Copied from my GitHub techdiary
Pandas + IPython + Jupyter Incantations
A place to store my hard earned pandas learnings.
- Misc
- Column operations
- Tidy Data Long and Wide
- Reshaping Data
- Pivoting - Narrow to wide
- Group By - Apply aggregate to a group of facts
- Pandas performance
- Plotting
- Exploratory Data Analysis
Misc
Jupyter set to window width
# Resize Jupyter to window width
from IPython.core.display import display, HTML
display(HTML("<style>.container { width:95% !important; }</style>"))
Pretty print the data frame
If you use print to show a dataframe, it’ll look ugly, use display instead.
display(df)
Jupyter run on a linux box, access from linux.
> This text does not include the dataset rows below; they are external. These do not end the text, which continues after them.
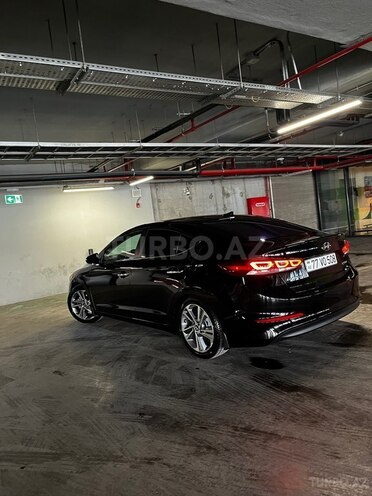 Hyundai Elantra-11
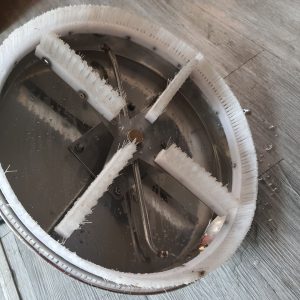 Đầu Chổi rửa pin mặt trời áp lực nước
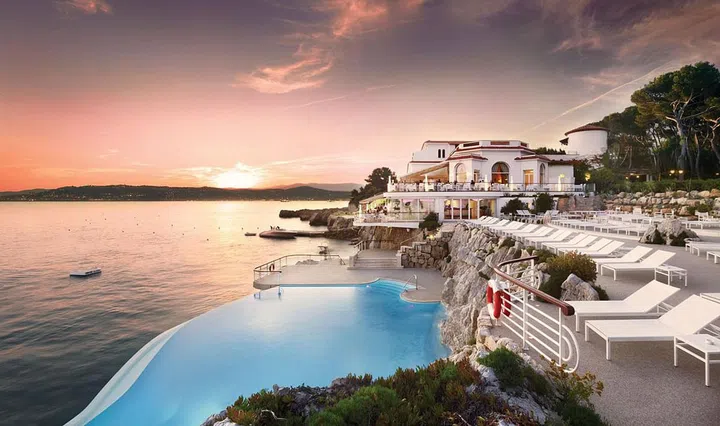 Hotel du Cap has been a Hollywood go-to since the beginning of the 20th century, playing host to the industry heavyweights that make the annual pilgrimage to the French Riviera for the Cannes Film Festival.

This May, Hotel du Cap hosted the amFAR Gala for the 9th year running, as well as the De Grisogono Party, which saw its lush grounds transformed into a black tie extravaganza. Over the years, the iconic hotel has hosted everyone from JFK to the Victoria’s Secret Angels. And, Orlando Bloom and Katy Perry notoriously announced their relationship at Hotel du Cap via an Instagram of themselves sprawled on the front staircase in their bathrobes.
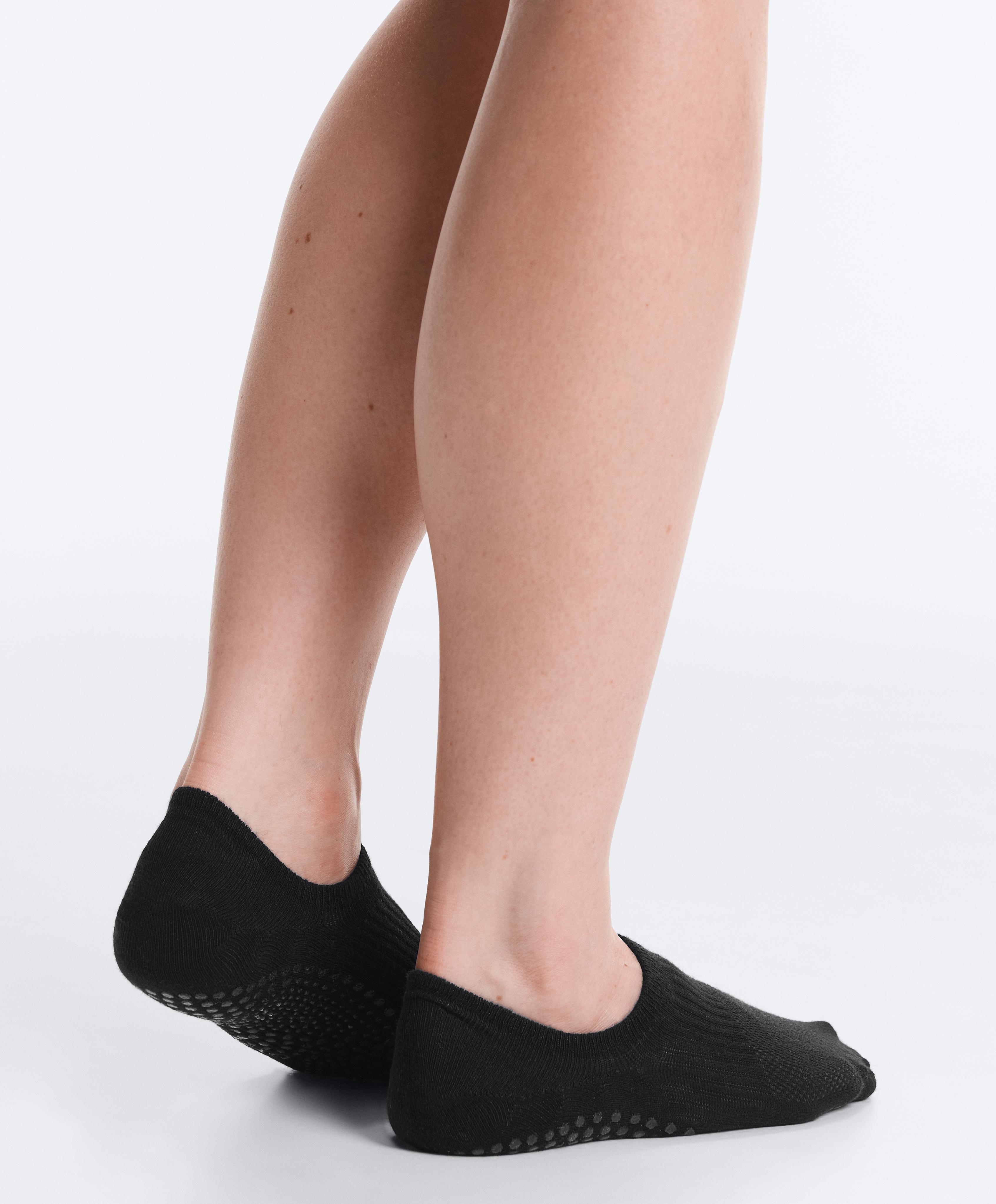 2 pairs of cotton blend yoga and Pilates socks — BLACK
https://coderwall.com/p/ohk6cg/remote-access-to-ipython-notebooks-via-ssh
ipython magic commands
%history -n
%history -g <string> search for string
%recall - put in editor
%rerun - execute in editor
fix column width to match terminal
pd.set_option('display.large_repr', 'truncate')
pd.set_option('display.max_columns', 0)
List columns
df.columns()
Sorting
df.sort_index()
df.sort_values()
Column operations
Convert column type to category
df.column = df.column.astype("category")
Count values in category
df.column.value_counts()
df.column.value_counts(normalize=True)
df.column.value_counts(normalize=False).cumsum()
Histogram column
df.groupby(df.column).apply(len)
Custom Apply to a row
df.apply(axis="columns", func=myFuncThatTakesArowAsInput) # pretty darn slow.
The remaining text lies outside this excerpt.